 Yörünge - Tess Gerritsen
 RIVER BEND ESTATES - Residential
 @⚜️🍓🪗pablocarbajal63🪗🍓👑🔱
--
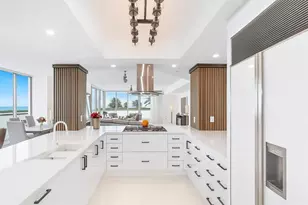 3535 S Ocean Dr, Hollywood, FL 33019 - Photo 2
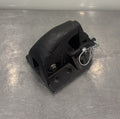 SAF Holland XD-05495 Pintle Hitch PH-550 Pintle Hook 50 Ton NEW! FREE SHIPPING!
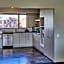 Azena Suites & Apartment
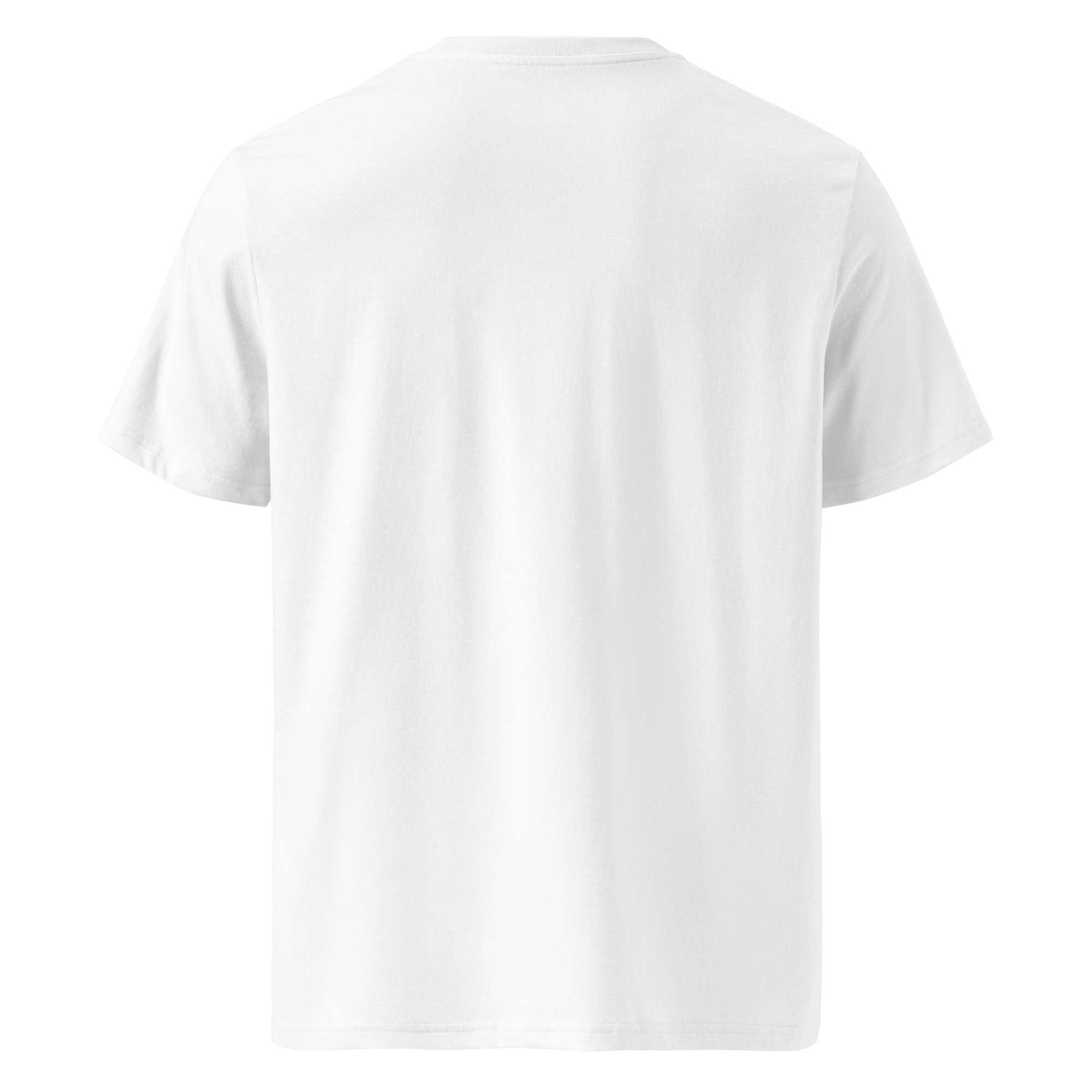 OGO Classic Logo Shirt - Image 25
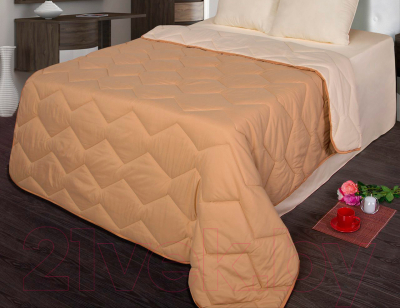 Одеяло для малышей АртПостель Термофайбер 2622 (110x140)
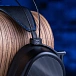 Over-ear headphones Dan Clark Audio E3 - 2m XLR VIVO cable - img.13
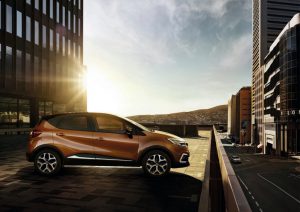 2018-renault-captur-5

PROBLEM:
Set down exactly the lines above, from the line containing "SAF Holland XD-05495" through the line containing "2018-renault-captur-5". Skip the pictures.

SOLUTION TO THIS EXERCISE:
 SAF Holland XD-05495 Pintle Hitch PH-550 Pintle Hook 50 Ton NEW! FREE SHIPPING!
 Azena Suites & Apartment
 OGO Classic Logo Shirt - Image 25
 Одеяло для малышей АртПостель Термофайбер 2622 (110x140)
 Over-ear headphones Dan Clark Audio E3 - 2m XLR VIVO cable - img.13
 2018-renault-captur-5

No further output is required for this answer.